- University: Wilmington University
- Nickname: Wildcats
- NCAA: Division II
- Conference: CACC
- Athletic director: Stefanie Whitby
- Location: New Castle, Delaware
- Varsity teams: 17
- Basketball arena: Wilmington University Athletics Complex
- Baseball stadium: Wilson Field at Jim Sherman Sr. Stadium
- Colors: Green and Gold
- Mascot: Wiley D. Wildcat
- Website: wildcats.athletics.wilmu.edu

= Wilmington Wildcats =

The Wilmington University Wildcats, also referred to as the WilmU Wildcats, are the athletic teams that represent Wilmington University, located in New Castle, Delaware, in NCAA Division II intercollegiate sports. Most of the university's athletics facilities are at the Wilmington University Athletics Complex in Newark, rather than on its main campus in New Castle.

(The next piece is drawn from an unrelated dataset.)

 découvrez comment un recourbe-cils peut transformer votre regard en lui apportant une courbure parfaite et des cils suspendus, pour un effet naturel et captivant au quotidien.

The Wildcats are full members of the Central Atlantic Collegiate Conference, which is home to 16 of its 17 athletic programs. The women's bowling team competes in East Coast Conference. Wilmington has been a member of the CACC since 1999.

==History==
===Wildcats mascot===

The university's present mascot was unveiled in 2009. Following the announcement of the school's new mascot, the university involved students and faculty in a popular poll to suggest and choose a name for this new addition to Wilmington University's athletic presence. In late 2009, it was announced that the name "Wiley D. Wildcat," suggested by one of the students of Wilmington University, had won the poll and would become the mascot's official name. In addition to the mascot's presence at most NCAA Division II athletic events, the Wildcat mascot has become an instrumental part of the university's national-champion cheerleading team.

==Varsity teams==
===List of teams===

Men's sports (7)
- Baseball
- Basketball
- Cross Country
- Golf
- Lacrosse
- Soccer
- Track and field

Women's sports (10)
- Basketball
- Bowling
- Cheerleading
- Cross country
- Lacrosse
- Soccer
- Softball
- Tennis
- Track and field
- Volleyball

==Individual teams==
===Baseball===
The university's men's baseball team was named NCAA Division II East Regional champions in 2015 after a historic season.

===Cheerleading===
In addition to its NCAA Division II men's and women's athletic teams, Wilmington University is also home to a successful, co-ed cheerleading team. The university's cheerleading team was named the Universal Cheerleading Association's national champions for five consecutive years between 2012 and 2017.

===Golf===
Additionally, the men's golf team earned an NCAA Division II Atlantic/East Super Regional title in both 2012 and 2015.